Guiding Principles of the SSA Master's Curriculum
The SSA curriculum promotes social justice through its commitment to pluralism, rigorous inquiry, engaged interdisciplinary scholarship, integrative practice, critical thinking, and informed action. These curricular commitments prepare students to understand the complex contexts and power structures that maintain and reproduce inequality and injustice, and to take action to promote individual, social, and structural change.
1) Social Justice
SSA supports students to analyze the social, historical, political, economic, and organizational factors that reinforce inequity and injustice. Students and faculty consider their own and others' positionality within those structures, with an appreciation of how identities and affiliations may intersect to compound or mitigate privilege and oppression. We work to increase access, opportunity, and agency in order to dismantle systems of oppression and to help meet the basic needs of diverse individuals, families, and communities with compassion and humaneness.
2) Intellectual Pluralism
Intellectual pluralism is at the heart of SSA's teaching. The curriculum reflects the intellectual diversity of our faculty, who come from an array of academic disciplines and professions and represent a variety of political perspectives. This pluralism allows our students and faculty to appreciate multiple ways of knowing, to be critical of what counts as knowledge and research, and to be more inclusive of perspectives that have not traditionally been centered in social work curricula. Our intellectual pluralism also encourages ongoing interrogation of the concept of social justice, which is central to the mission of social work. It also provides us with the tools and flexibility to engage effectively with a broad range of individuals, communities, and social institutions.

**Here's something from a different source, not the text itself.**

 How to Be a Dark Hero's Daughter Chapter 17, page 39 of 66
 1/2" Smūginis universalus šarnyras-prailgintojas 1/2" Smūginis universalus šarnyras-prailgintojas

3) Engaged Scholarship and Teaching
SSA faculty are committed to promoting social justice and social equality through engaged scholarship and education. Scholarship at SSA emerges from interactive engagement with practitioners, policy makers, and communities. SSA faculty members actively integrate their research into curricula and teaching. Students are educated to identify and analyze the causes, consequences of, and approaches to ameliorating human suffering and social injustice.
4) Integrative Practice
Our curriculum is built on the assumption that all social workers need to understand and act to mobilize change with and within individuals, families, communities, organizations, public institutions, and political and economic systems. Drawing upon and integrating field and classroom experiences, students will develop skills to practice across multiple levels. In addition, students are trained to use integrative frameworks that move beyond the micro-macro dichotomy.
5) Critical Thinking
Students learn to effectively question, assess, evaluate, and respond to assumptions, claims, and values, including those from social science and social work research. Students learn to consider a range of perspectives, carefully assess their assumptions, validity and implications, and become skilled and insightful evaluators of their own thinking. This process includes reflection on how one's own affiliations and identities may lead to blind spots and biases. Students learn to integrate a critical sensibility into practice so as to make meaningful contributions to the profession, the client base, and to the analysis and resolution of social problems.
6) Theory to Action
Students prepare for positions of leadership and to be stewards of change while working in dynamic sociopolitical and fiscal contexts in hundreds of vetted field placements throughout Chicago and its surrounding communities. Chicago has a rich history of social reform, social service innovation, and community organizing that gives context and continuity to students' field experiences. The field model provides opportunity for students to engage in coursework and field work concurrently, challenging students to assess, understand and address the extraordinary range of needs that bring people into contact with nonprofit, public and private agencies.
Simultaneously, students learn from the tremendous strength, resilience, and knowledge held by the individuals and communities they serve. Students are encouraged to identify practice questions that lead to analysis, research and new approaches toward ameliorating social exclusion through community-engaged fieldwork.
While we strive to create conditions that will largely negate the need for a social work profession, we realize that social service programs and organizations serve vital safety net functions and can aid in societal transformations toward equity and social justice. SSA faculty recognize that individuals, families, and communities are rarely helped by mediocre interventions and programs. Similarly, society is rarely served by poorly conducted research or poorly crafted social policies. Therefore, SSA strives towards excellence in our practice, teaching, and scholarship.